The creamy farro with honey-roasted grapes from Maria Speck’s Ancient Grains for Modern Meals was absolutely delicious. I never would’ve thought to eat farro for breakfast, but why not? It cooks up like oatmeal and has a taste and texture similar to wheat berries, nutty and a bit chewy. The cinnamon, anise, and vanilla gave off a lovely, warm aroma, and the hit of cream made this healthy, hearty breakfast more rich and satisfying. The warm, honeyed grapes were a great complement. Other fruits like pears, plums, blueberries (whatever’s in season) would work well, too, and I might try replacing the cream with soy milk for a still-creamy, lower-fat version.
Creamy Farro with Honey-Roasted Grapes from Ancient Grains for Modern Meals: Mediterranean Whole Grain Recipes for Barley, Farro, Kamut, Polenta, Wheat Berries & More by Maria Speck (Ten Speed, Apr.)
2 cups water
1 cup farro
1 teaspoon anise seeds
1 1-inch piece cinnamon stick
Pinch of fine sea salt
Roasted Grapes, and to finish
3 cups seedless red grapes (1 ¼ pounds)
1 teaspoon extra-virgin olive oil
4 tablespoons honey, plus extra for serving
½ cup heavy whipping cream or half-and-half
½ teaspoon vanilla extract
Ground cinnamon, for sprinkling
1. To prepare the faro, bring the water, faro, anise seeds, cinnamon stick, and salt to a boil in a heavy-bottomed 4-quart saucepan. Decrease the heat to maintain a simmer, cover, and cook until the faro is tender but still slightly chewy, 20 to 25 minutes. Remove the cinnamon stick, drain any remaining liquid, and return the faro to the saucepan.

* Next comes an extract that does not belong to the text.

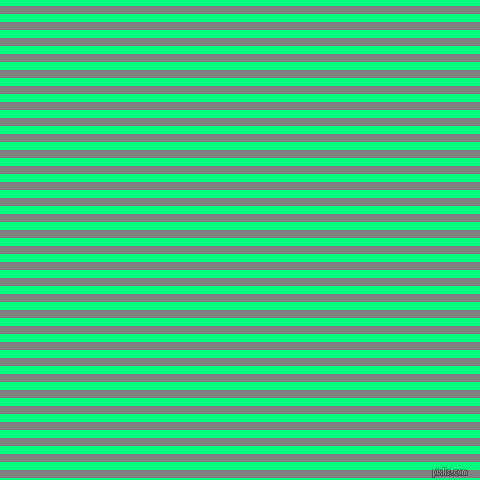 horizontal lines stripes, 8 pixel line width, 8 pixel line spacing, Grey and Spring Green horizontal lines and stripes seamless tileable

2. Meanwhile, prepare the roasted grapes. Position a rack 6 inches from the heat source and preheat the broiler for 5 minutes. Spread the grapes on a large rimmed baking sheet. Drizzle with the olive oil and 2 tablespoons of the honey and toss to combine. Broil until the grapes just start to shrivel and release some juices as they burst, 5 to 7 minutes. Immediately transfer the grapes with their juices to a heatproof bowl.
3. To finish, add the cream and vanilla extract to the faro and bring to a boil over medium heat, stirring frequently. Cook until the cream thickens slightly, 3 to 5 minutes. Stir in the remaining 2 tablespoons honey, add the grapes with their juices and cook just long enough to reheat the fruit, about 2 minutes. Divide among bowls, sprinkle with cinnamon, and serve warm with more honey on the side.
To get a head start: Make the faro, as in step 1, ahead. The grapes can also be roasted 1 day ahead. Chill, covered.
To vary it: If you like a bit more chewiness, try other berries from the heat family such as spelt, Kamut, or soft whole wheat. You will need a scant 3 cups.